Bien sûr, il s’agit d’abord d’exterminer les ennemis du Reich et les populations considérées comme inférieures. Encore faut-il auparavant les avoir dépouillés de leur nature humaine. Les nazis veulent démontrer que celle-ci n’existe pas; le monde ne compte que des surhommes aryens et d’inqualifiables sous-hommes, séparés par un mur infranchissable. La vie au Lager est organisée de manière à prouver que les détenus ne sont pas humains, mais au mieux des bêtes dégénérées, au pire des Stück, des pièces, des objets qu’on peut encore utiliser avant de les réduire en poussière.

Pour comprendre un petit peu les camps nazis, il faut avoir lu beaucoup de témoignages, car chaque survivant a réagi aux horreurs selon sa personnalité propre. Celui de Levi est très pessimiste. Ce dernier pense que les nazis ont réussi à transformer des hommes en choses.

Les SS humilient d’abord le corps, au sens propre: ils le jettent à terre et le piétinent. A l’entrée au camp, il est dénudé, frappé, palpé lors des sélections. Toute pudeur est niée, on rase les crânes, la peau est tatouée d’un numéro. La pénurie de nourriture décharne les corps. On distribue des habits grotesques et des sabots qui blessent les pieds à cause de pointures inadaptées («la mort commence par les pieds»).

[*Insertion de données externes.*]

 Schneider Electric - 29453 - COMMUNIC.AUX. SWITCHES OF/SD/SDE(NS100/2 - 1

Le travail, qui pourrait rendre sa noblesse au corps, est dénaturé car inutile. Il n’améliore le sort de personne, au contraire, il contribue à la liquidation lente des captifs que la devise «Arbeit macht frei» ridiculise. De Monowitz, camp annexe d’Auschwitz, il ne sortira pas un gramme du caoutchouc synthétique que les esclaves étaient censés produire. Aucun prisonnier n’a intérêt à travailler vraiment s’il entend ménager ses forces.

Au Lager, le langage est réduit à ses fonctions les plus basses: des ordres hurlés, des chapelets d’injures et des coups. Levi compare le camp à la Tour de Babel. On y parle toutes les langues européennes. Les nationalités y sont la plupart du temps séparées de façon à éviter les foyers de révolte.

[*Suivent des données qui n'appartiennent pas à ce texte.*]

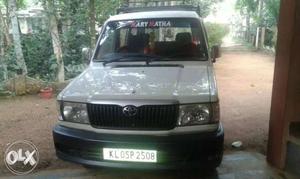  Toyota Qualis diesel  Kms.good condition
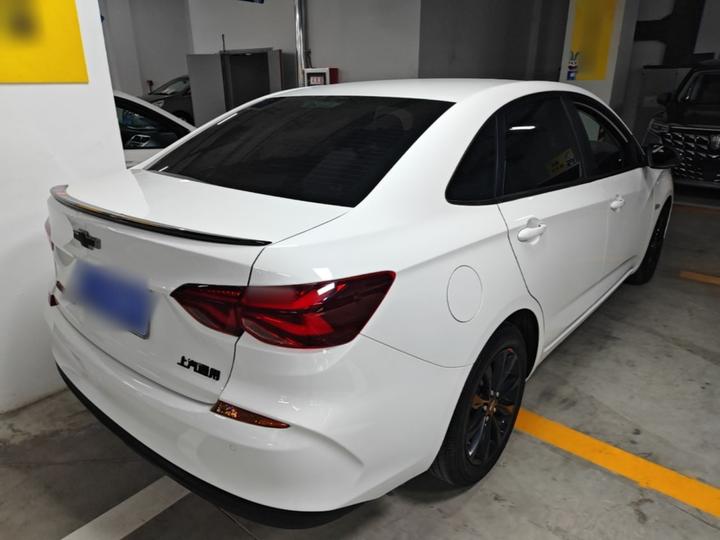 Cruze 2020 Mild Hybrid Redline 320T DCT photo 6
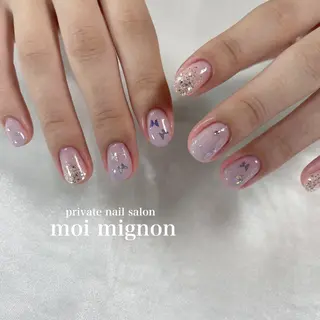 ネイル nailist Aki♡のネイルデザイン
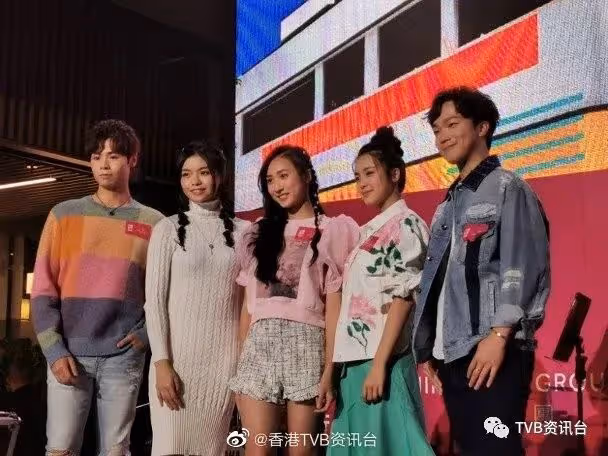 群星唱好TVB跨年夜！人氣男歌星閉關2年復工響頭炮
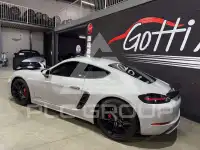 2019 Porsche Cayman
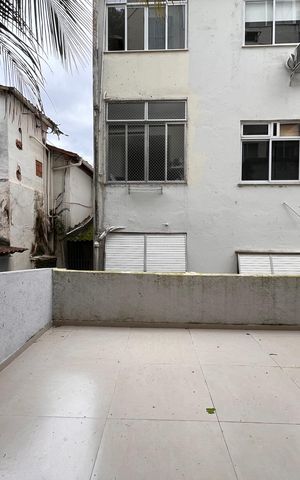 Apartamento para alugar com 46m², 1 quarto e sem vaga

Même la beauté y est tournée en dérision. La sortie des commandos de travail se fait sur des rythmes d’opérette; l’orchestre du camp joue des airs classiques durant les pendaisons. Levi se cache pour reconstituer de mémoire des vers de Dante à l’intention d’un compagnon d’infortune.

* * *

«La Tragédie d’un optimiste»: c’est le sous-titre donné par Myriam Anissimov à sa biographie de Primo Levi. Quand Levi est déporté, jeune homme fraîchement diplômé en chimie, dépourvu de toute expérience de la vie, il croit au progrès. Les onze mois passés au Lager détruisent à jamais l’image positive qu’il s’est faite de la civilisation. Au chapitre XVI de Si c’est un homme, les nazis ont gagné, ayant anéanti l’humanité des détenus rassemblés pour ce qui sera l’ultime pendaison: Les Russes peuvent bien venir, ils ne trouveront plus que des hommes domptés, éteints (…) Détruire un homme est difficile, presque autant que de le créer: cela n’a été ni aisé ni rapide, mais vous y êtes arrivés, Allemands. Levi ressent une honte telle qu’elle ne le quittera plus jusqu’à son suicide en 1987.

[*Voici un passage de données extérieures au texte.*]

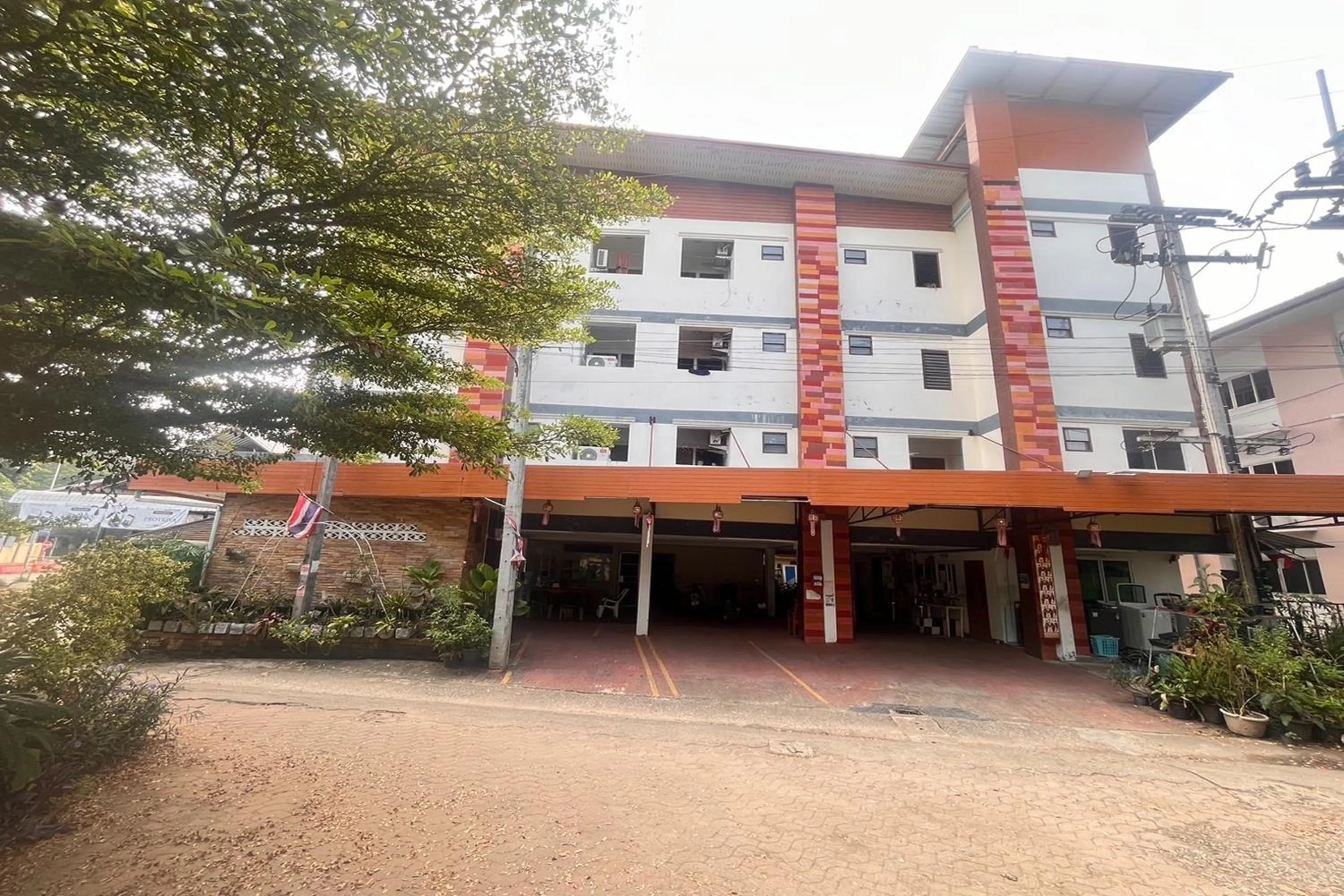 The First Residence Lamphun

Et pourtant, si on lit attentivement son livre, les témoignages rapportés à son propos et d’autres ouvrages sur la vie dans les camps, on s’aperçoit que les nazis n’ont pas complètement triomphé. Des détenus, Levi y compris, ont survécu grâce à une croyance clandestine, aux liens d’amitié, au refus de certains d’abandonner tous les signes de la civilisation (le détenu Steinlauf encourage Levi à se laver le matin…) et aux solidarités nationales (les Juifs de Salonique restent unis en toutes circonstances).

Même si les SS ont créé de toutes pièces les conditions de sa réussite, l’expérience tentée n’a pas permis de prouver que l’homme n’est qu’un loup pour l’homme. Etablir une pénurie artificielle, confier la gestion des camps à des prisonniers de droit commun, privilégier les détenus d’origine germanique eux-mêmes menacés s’ils ne se montrent pas assez cruels, tous ces procédés n’ont pas suffi. La nature humaine a résisté aux traitements destinés à prouver son inconsistance.

Aujourd’hui encore, il importe de former des personnes qui s’opposeront aux nouvelles tentatives, masquées sous «le droit au bonheur pour tous», d’anéantir l’essence de l’homme.